Oh, I know. Honestly, I think it’s going to be a very interesting time over the next five years to see what’s going to happen, because the arts are in so much trouble; there’s always the hope that at that point things do start springing up at a more grassroots level. And the work starts to be everywhere because no one has money.
That sounds rather optimistic.
Well, it’s happened historically. During the WPA [Works Progress Administration] years in New York, for example, some amazing theater started to blossom out of that feeling that everybody was in it together. And I think we’re there now, and writers I know who write for the theater have this feeling that there isn’t money for them anyway, so put it up at whatever level you can put it up instead of waiting for the big one. And also because the human spirit at that time really needs to talk about what’s happening, the arts can sometimes blossom independently of the economy.
So you know that this is happening in New York?
It feels to me a little bit like the arts right now in New York, certainly in the outer rims — Off Broadway, Off Off Broadway, whatever — there’s a liveliness that’s occurring. There’s a lot of young talent in New York right now, and there’s not a lot of work for the generation that is just coming out of universities and great programs. And that’s not just in the theater. So a lot of these people are flocking to New York because there’s a way of experiencing life there whether or not you have money.
Let’s talk about Capt. Sharon Raydor. Was she created to give Brenda a female foil after she tamed the men she works with in the Major Crimes Division?
I’m not sure if it was so much gender-specific as it was to bring in someone who would give her a different kind of foil, an antagonist who would have an effect on her in a different way. And perhaps that therefore created the gender idea because we do know that we respond to our particular gender differently. And that women in power have, underneath it all, this place where they identify so strongly, but they’re also apt in certain circumstances to have their buttons pushed a little more radically and maybe in a different way than a male in the same position.
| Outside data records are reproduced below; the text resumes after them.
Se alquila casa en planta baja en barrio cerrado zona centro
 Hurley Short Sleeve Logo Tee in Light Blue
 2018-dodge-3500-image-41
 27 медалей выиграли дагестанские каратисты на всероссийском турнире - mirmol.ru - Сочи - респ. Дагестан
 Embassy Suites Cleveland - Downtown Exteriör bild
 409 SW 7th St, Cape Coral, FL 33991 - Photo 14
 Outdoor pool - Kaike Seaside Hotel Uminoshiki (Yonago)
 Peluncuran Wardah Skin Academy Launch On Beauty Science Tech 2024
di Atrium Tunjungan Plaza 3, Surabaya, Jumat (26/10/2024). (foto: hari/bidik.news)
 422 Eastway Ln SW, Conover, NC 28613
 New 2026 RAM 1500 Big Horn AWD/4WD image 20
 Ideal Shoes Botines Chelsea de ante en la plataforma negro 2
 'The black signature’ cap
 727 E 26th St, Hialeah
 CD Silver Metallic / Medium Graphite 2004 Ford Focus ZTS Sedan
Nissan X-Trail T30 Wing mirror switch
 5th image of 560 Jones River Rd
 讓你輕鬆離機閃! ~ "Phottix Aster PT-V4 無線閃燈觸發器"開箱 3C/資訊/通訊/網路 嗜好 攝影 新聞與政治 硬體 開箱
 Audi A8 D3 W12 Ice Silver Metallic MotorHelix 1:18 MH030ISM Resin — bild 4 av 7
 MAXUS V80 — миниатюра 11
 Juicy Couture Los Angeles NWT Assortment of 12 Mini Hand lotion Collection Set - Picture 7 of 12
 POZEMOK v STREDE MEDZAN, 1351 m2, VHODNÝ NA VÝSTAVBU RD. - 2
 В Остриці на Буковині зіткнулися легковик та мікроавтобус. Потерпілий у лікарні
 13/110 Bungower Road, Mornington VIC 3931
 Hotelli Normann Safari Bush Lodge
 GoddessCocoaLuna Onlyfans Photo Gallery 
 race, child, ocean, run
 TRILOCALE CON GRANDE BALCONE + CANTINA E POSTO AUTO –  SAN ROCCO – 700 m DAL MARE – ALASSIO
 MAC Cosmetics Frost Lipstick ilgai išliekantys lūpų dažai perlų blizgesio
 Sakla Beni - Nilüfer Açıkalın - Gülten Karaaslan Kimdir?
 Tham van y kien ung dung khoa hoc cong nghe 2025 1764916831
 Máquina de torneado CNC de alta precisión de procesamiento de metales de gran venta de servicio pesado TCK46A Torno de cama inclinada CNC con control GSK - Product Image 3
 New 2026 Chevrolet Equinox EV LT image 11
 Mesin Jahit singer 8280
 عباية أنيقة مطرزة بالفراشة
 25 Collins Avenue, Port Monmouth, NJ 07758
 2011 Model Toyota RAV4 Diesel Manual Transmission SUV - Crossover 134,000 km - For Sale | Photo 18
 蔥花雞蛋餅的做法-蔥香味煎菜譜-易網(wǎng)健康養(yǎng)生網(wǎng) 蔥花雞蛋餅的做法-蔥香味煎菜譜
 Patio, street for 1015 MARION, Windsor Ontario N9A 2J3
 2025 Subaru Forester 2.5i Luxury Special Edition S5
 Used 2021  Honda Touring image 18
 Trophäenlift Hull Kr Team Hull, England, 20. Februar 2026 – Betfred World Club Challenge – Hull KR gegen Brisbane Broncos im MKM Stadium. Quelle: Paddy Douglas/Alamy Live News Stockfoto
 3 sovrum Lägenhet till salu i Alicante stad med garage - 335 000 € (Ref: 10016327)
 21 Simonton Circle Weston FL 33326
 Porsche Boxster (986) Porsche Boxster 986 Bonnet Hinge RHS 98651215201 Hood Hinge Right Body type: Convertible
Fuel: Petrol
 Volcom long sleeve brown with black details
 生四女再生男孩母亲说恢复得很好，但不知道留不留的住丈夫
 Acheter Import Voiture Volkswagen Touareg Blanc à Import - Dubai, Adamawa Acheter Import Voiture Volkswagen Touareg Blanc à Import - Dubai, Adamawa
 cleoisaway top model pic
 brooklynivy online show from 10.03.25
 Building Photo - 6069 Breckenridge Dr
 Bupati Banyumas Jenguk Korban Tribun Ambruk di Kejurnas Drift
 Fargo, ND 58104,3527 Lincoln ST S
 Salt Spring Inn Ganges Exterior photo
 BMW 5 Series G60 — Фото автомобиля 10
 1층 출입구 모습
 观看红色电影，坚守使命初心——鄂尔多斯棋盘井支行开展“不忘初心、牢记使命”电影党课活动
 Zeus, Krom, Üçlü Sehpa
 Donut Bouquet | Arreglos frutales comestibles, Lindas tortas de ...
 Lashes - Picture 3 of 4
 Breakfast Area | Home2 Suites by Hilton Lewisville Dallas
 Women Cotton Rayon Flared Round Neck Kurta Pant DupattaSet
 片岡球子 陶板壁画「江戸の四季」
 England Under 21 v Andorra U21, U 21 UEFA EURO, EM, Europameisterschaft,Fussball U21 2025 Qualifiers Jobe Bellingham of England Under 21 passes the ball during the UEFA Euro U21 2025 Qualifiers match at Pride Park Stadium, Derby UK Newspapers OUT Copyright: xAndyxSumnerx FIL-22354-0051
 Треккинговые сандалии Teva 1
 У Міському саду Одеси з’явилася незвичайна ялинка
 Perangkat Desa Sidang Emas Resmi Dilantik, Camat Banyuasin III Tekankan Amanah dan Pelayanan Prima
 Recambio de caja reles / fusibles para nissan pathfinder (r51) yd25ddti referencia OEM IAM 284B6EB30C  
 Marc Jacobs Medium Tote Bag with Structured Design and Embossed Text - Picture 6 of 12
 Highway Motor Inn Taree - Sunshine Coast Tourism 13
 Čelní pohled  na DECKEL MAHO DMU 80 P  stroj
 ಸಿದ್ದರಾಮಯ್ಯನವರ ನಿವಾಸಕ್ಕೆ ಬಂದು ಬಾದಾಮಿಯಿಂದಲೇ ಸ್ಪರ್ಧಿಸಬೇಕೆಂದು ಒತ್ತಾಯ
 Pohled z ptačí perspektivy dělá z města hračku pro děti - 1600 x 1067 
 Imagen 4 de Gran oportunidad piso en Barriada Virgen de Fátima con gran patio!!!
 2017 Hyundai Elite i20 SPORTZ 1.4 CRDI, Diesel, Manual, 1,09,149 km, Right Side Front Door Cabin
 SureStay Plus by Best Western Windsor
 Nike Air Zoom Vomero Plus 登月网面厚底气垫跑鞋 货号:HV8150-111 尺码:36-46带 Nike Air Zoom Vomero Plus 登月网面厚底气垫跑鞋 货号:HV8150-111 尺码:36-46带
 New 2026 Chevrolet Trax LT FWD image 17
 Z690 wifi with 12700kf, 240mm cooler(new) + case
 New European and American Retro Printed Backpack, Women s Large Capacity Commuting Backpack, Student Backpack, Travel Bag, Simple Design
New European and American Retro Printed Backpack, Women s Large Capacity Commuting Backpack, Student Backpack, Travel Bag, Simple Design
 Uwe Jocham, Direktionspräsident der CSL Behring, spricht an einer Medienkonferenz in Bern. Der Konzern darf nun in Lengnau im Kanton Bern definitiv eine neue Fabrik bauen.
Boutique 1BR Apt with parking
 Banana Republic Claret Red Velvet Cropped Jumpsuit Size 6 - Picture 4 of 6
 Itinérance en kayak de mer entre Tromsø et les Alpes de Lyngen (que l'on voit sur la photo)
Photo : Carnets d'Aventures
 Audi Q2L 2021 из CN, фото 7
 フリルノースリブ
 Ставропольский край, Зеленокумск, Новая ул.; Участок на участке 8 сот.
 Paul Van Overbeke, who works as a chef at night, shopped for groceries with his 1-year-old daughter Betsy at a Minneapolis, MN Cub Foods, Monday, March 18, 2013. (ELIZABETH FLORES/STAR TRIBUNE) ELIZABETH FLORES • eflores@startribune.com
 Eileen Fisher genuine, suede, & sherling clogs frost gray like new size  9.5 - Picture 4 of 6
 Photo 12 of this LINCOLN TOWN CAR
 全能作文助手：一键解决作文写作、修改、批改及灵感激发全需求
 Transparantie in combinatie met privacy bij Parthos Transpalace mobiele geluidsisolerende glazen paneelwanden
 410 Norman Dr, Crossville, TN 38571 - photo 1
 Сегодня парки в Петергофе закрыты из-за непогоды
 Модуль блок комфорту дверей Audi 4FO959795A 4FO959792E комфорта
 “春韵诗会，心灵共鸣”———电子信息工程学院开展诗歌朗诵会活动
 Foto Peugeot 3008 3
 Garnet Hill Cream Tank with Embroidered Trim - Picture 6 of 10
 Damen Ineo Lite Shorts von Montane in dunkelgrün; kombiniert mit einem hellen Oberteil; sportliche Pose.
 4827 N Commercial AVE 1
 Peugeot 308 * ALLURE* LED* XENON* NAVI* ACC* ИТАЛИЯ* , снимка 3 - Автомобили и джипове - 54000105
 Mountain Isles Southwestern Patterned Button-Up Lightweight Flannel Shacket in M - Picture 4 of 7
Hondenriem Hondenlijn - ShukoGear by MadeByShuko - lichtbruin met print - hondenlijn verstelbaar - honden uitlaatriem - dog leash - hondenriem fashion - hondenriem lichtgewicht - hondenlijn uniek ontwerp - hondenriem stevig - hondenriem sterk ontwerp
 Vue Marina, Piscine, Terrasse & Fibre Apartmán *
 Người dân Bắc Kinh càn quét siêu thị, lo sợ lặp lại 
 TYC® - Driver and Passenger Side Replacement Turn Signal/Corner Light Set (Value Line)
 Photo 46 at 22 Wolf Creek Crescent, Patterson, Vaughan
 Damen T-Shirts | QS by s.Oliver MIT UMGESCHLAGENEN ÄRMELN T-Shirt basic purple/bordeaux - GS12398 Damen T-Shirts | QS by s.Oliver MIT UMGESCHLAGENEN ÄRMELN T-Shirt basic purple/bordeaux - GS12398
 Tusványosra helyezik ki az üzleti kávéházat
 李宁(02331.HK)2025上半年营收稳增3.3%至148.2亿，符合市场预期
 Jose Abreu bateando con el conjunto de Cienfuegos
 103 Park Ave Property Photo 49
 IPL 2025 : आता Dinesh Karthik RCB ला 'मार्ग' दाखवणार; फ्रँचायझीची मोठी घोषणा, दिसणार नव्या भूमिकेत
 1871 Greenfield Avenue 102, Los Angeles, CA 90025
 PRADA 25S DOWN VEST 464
And she’s so good at wiling her way around the men, Brenda Leigh.
Were you ever concerned about the show devolving into the cliché about competition between catty women?
I was never concerned about it because I know the people creating it — [executive producer] James Duff and Kyra — they had their eye on that. And I certainly always have my eye on that. Women can be very brutal and petty at times, so you don’t want to back away from that and tell a story that’s not true. You have to make sure that it’s balanced with two incredibly serious professionals who do what they do well and find that balance, so we get to see a real story being told about the way women truly are.
How has the audience been responding to her?
I think quite well. I have gotten amazing feedback on Capt. Raydor when I’m out and about in the world. People who hate her love hating her. People who like her secretly love liking her secretly. I was so happy to come in and shake things up a little bit, but I certainly didn’t see this spark.
I understand that your spinoff, “Major Crimes,” is still in the formative stages, but it’s one thing to bring her in as a foil, it’s another thing to make her the series lead. Don’t they generally make the series lead someone who’s likable?
I think the creative task of carrying the character from being an antagonist to being a protagonist is an extraordinary challenge. It’s very exciting because it really addresses human nature. I don’t think we are one thing or the other. Different circumstances, different opportunities in our lives, different things open us up to revealing different aspects of ourselves, so really and truly, we don’t really know that much about Capt. Raydor at all.
Why is it ending?
It’s something I’m not privy to. I think it’s been, what is it, seven years? It felt as if perhaps Brenda Leigh Johnson had been explored as much as one could or something. I don’t really know. But I do believe that all good things come to an end, and really having this show at such an incredibly high point is a really interesting moment to go out on.
Most spinoffs have new settings and new casts.
You’re right. That’s really what is unique about this. It leaves everybody going, ‘How is this going to happen?’ And then it gets exciting because probably there’s only one person in the world who could answer that, and that’s James Duff. He has such an extraordinarily creative mind that going on that ride is going to be a blast.